Few deny that the government’s efforts to date have had an impact. Although the strategies for primary school have been criticized by some as too prescriptive and centralized, particularly in their initial version, most admit that standards and teaching in the early grades have improved.

"Overall, I think it dragged up the bottom layer," said Susan Scarsbrook, the head teacher of Sudbourne Primary School in south London.


That's probably as much improvement as you'll get if you aren't serious about bringing market pressures to bear on the system.

Posted by Orrin Judd at May 5, 2004 8:51 AM
Comments

So now you've got well-educated dole queues.

Posted by: Ken at May 5, 2004 12:28 PM

No, you miss the point. The whole system of rising grades has been achieved by watering down the standards of the exams. If you look at University degrees in the UK now, many have had to go from 3 year to 4 year courses so that they can teach in the first year all the stuff that they used to expect a new undergraduate to already know.

If you want a comparison, think about Stalin's 5-year plans and how they were supposedly great successes, achieved because all the officials fiddled the figures.

Posted by: A at May 5, 2004 12:28 PM

A:

They need 4 years--so what?

Posted by: oj at May 5, 2004 12:36 PM

The common exam to get into University is called the A-level which you sit when you are 17/18. To keep ever more people achieving ever higher grades the exam boards have made the exams easier either by lowering the standard or narrowing the curriculum.
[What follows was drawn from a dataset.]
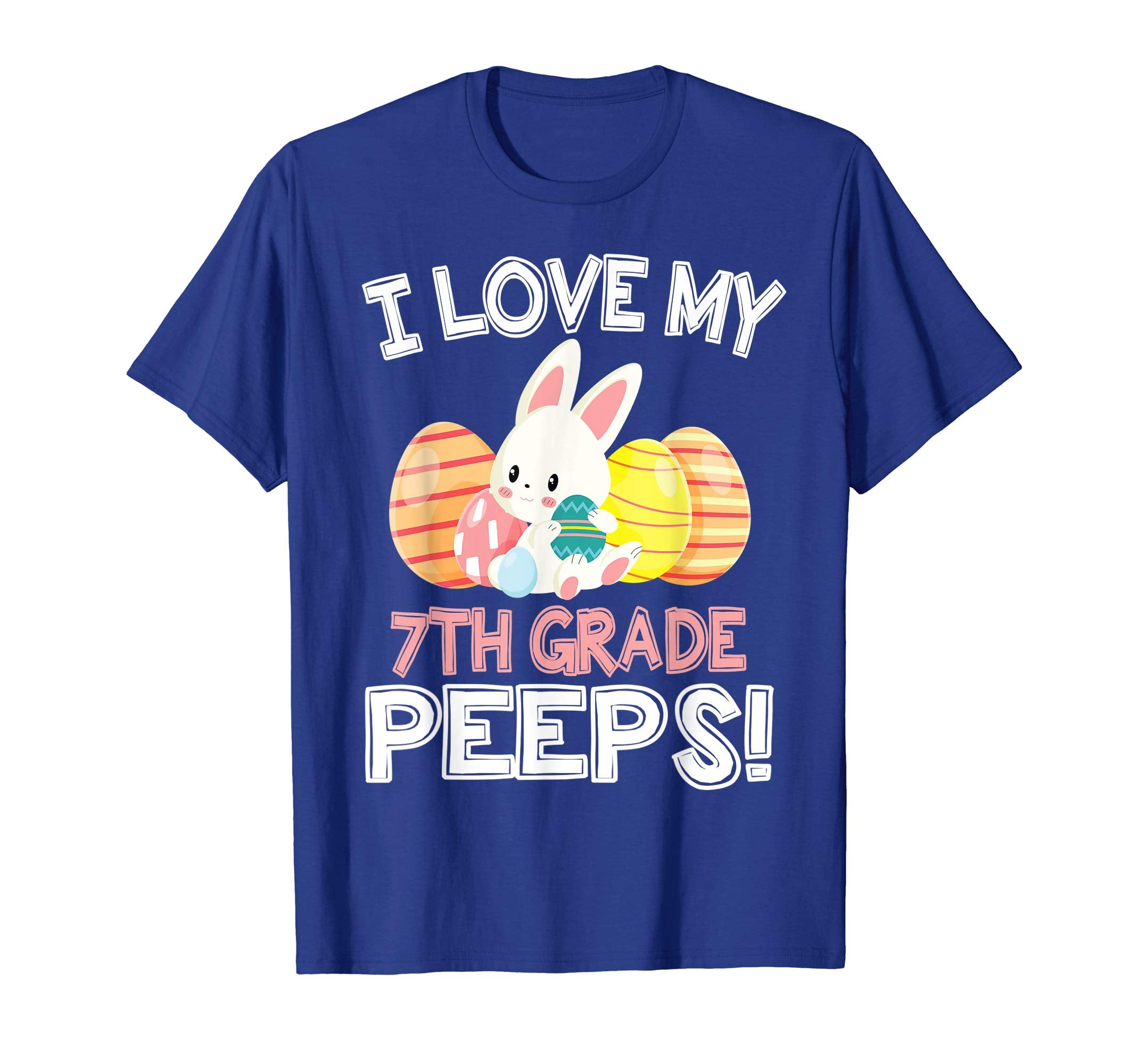 Rabbit &amp; Easter Eggs I Love My 7TH Grade Peeps Teacher Shirt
So teenagers going to University know less than in previous years.

The universities, who have tried to keep their degree standards up, have been forced to teach what they previously presumed would already be known. They can't fit this into the normal 3 years so they make it a 4-year course.
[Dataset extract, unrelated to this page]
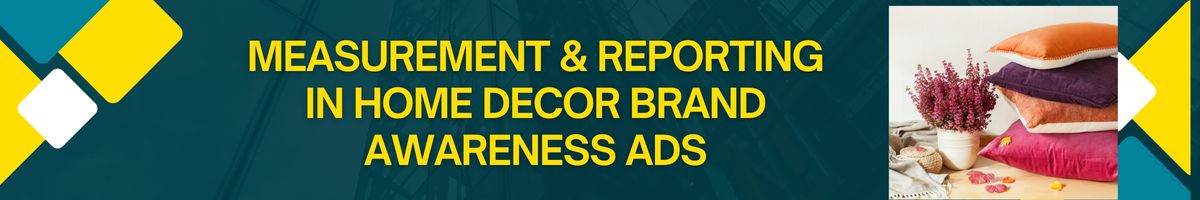 Measurement & Reporting in Home Decor Brand Awareness Ads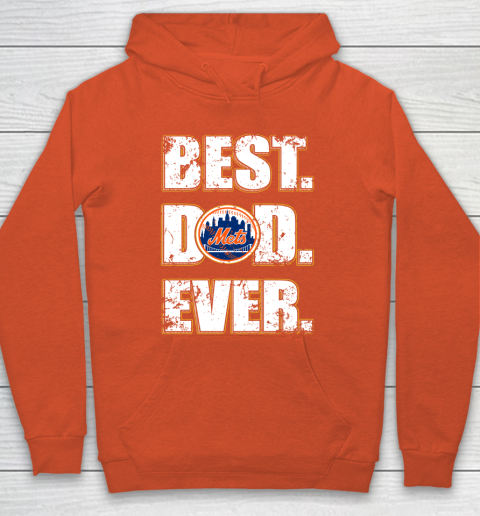 MLB New York Mets Baseball Best Dad Ever Family Shirt Hoodie 3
The whole point is that rising grades is mostly a fraud. The government puts pressures on the schools to achieve better grades, the schools go to the easiest exam board, the other exam boards lower their levels to attract schools, etc.

Posted by: A at May 5, 2004 1:13 PM

I still don't get it--who cares if it takes 21 years to teach them instead of 20? If you're trying to have a universal system you have to accept that many of the kids will be rather slow.

Posted by: oj at May 5, 2004 1:22 PM

OJ:
I studied mathematics at Oxford University in the early 1990s - a 3 year course. I remember the professors complaining that they would have to go to a four year course because they were having to teach much more of the basic stuff.

I've just looked at the course now (http://www.admissions.ox.ac.uk/courses/math.shtml) and it's now a 4 year course to get a Masters degree. (Previously a master's degree was automatic on receiving a batchelor's degree.)

You can see some of the slippage in how they describe the courses.
"The first year will consist of basic courses ... and the first part of the second year will complete that core" (ie what they could once teach in the first year, they now can't)

It doesn't square with the rising standards in school mathematics from your article ("...In mathematics, the figure jumped from 54 percent to 73 percent. "). Oxford can choose who to accept so your 'universal system' theory does not apply.

If standards in schools really were going up, then there would be no need for longer courses at Universities. All the National Curriculum has achieved what all command economies achieve: false results.

Posted by: A at May 5, 2004 1:51 PM

A:

But that's the point of the British version of reform isn't it? If you aim for universal achievement you'd expect results to cluster more heavily around the level of mediocrity. The best students will be retarded in their progress as attention shifts to the lower. That's why you have to bring choice to the system so that the best students can escape, which doesn't happen now until college, if then.